§ What is required
From the line containing "Actual product image" through the last line of the entries below, print each line exactly. Pictures stay out.

*** Opening of Data extracts ***

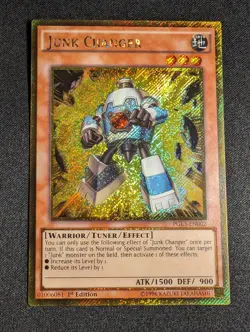Yu-Gi-Oh! Junk Changer PGL3-EN002 1st Edition Secret Rare NM - Image 1
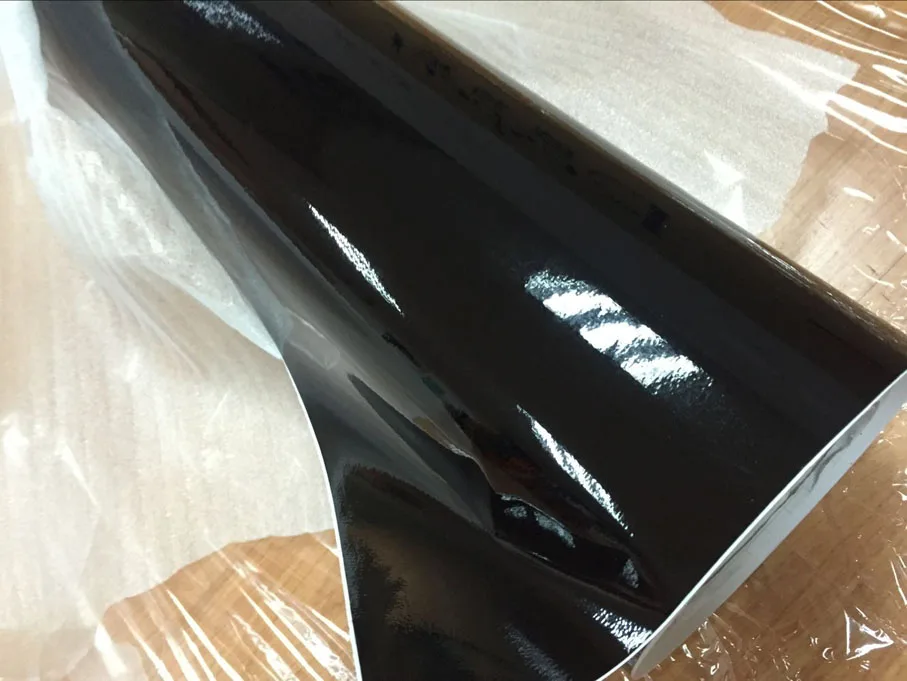 30 см * 1/2/3/4/5/6 М Премиум качество черная глянцевая виниловая Автомобильная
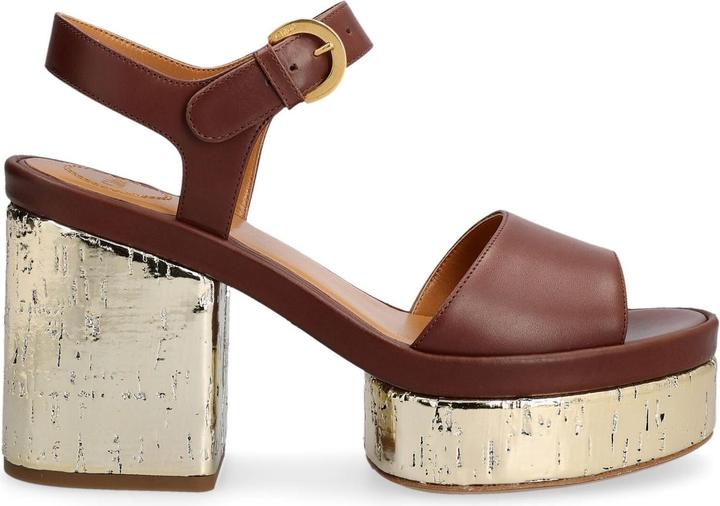 Actual product image Chloé Chlou00e9 Odina Leather Sandals (35)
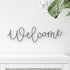 Welcome: Wire Wall Sign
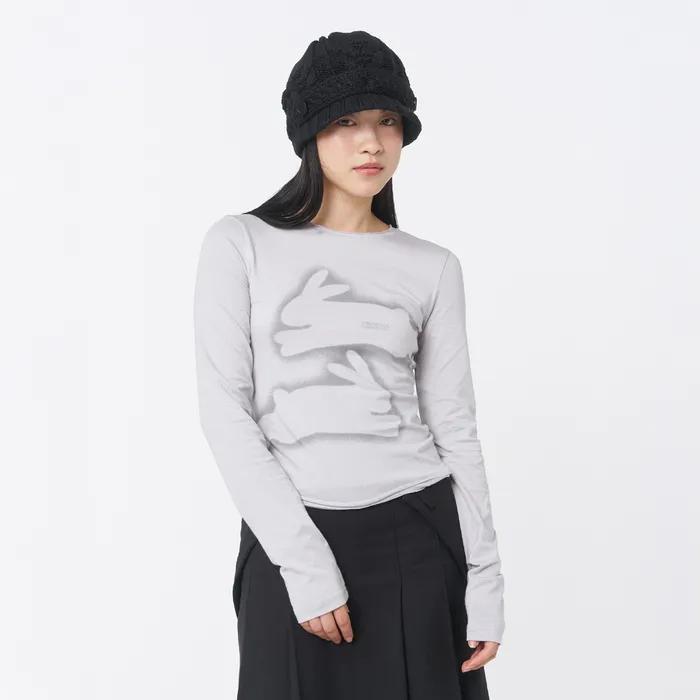 Twin rabbit long sleeves GREY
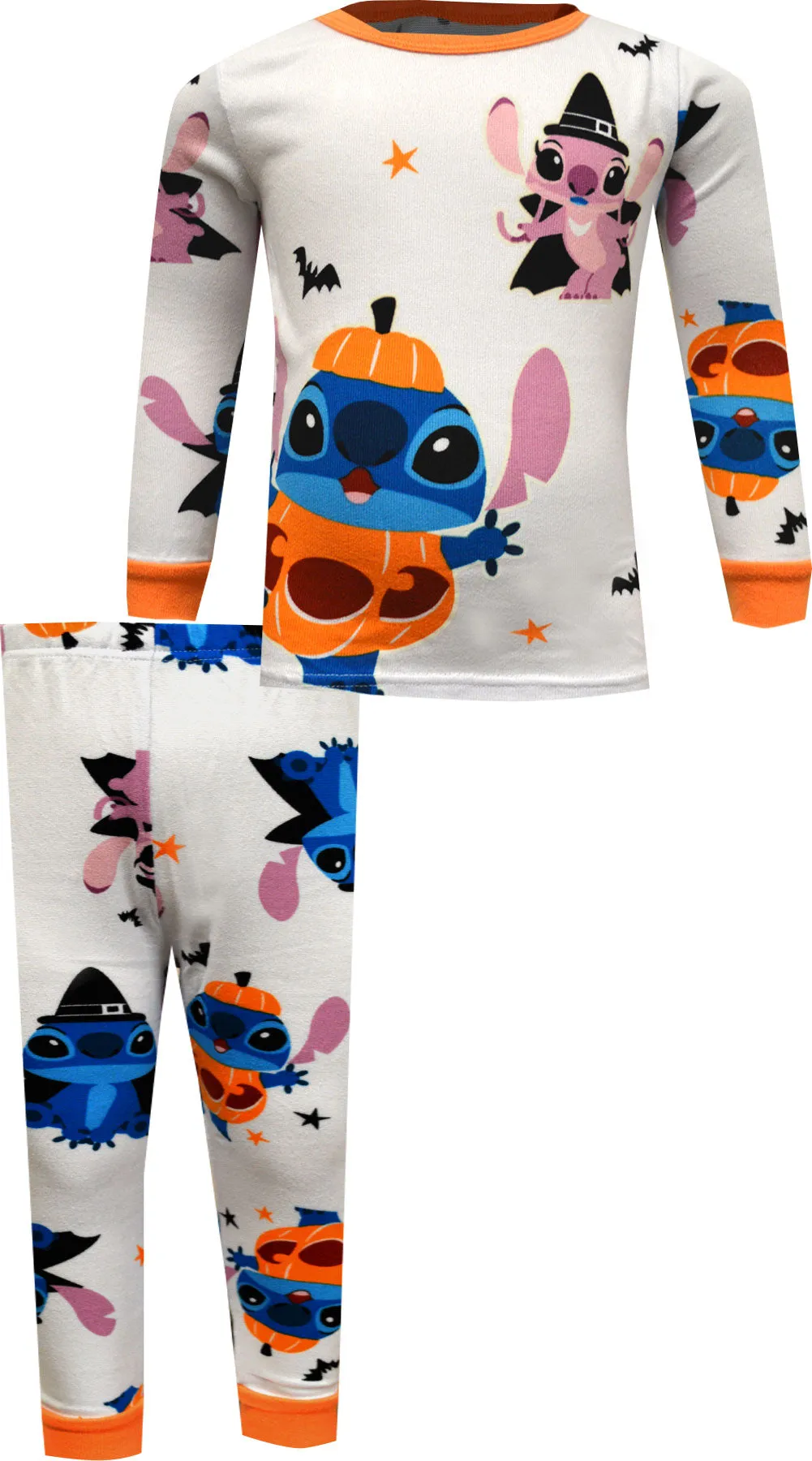 Lilo and Stitch Pumpkin Witch Ultra Soft Halloween Girls Pajama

*** Close of Data extracts ***

§ Completed task
 Actual product image Chloé Chlou00e9 Odina Leather Sandals (35)
 Welcome: Wire Wall Sign
 Twin rabbit long sleeves GREY
 Lilo and Stitch Pumpkin Witch Ultra Soft Halloween Girls Pajama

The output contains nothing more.